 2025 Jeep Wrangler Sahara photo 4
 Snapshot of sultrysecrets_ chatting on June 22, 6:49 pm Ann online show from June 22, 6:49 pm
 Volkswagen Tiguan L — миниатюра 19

· · · ·

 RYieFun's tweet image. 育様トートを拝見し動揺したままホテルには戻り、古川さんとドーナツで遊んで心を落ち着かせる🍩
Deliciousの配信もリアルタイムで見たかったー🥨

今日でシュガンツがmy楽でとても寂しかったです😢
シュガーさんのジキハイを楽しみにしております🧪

· · · ·

Problem to work on
Print the lines above from the one with "今日でシュガンツがmy楽でとても寂しかったです😢" through the one with "シュガーさんのジキハイを楽しみにしております🧪", both included, exactly as written and nothing more.

Response below
今日でシュガンツがmy楽でとても寂しかったです😢
シュガーさんのジキハイを楽しみにしております🧪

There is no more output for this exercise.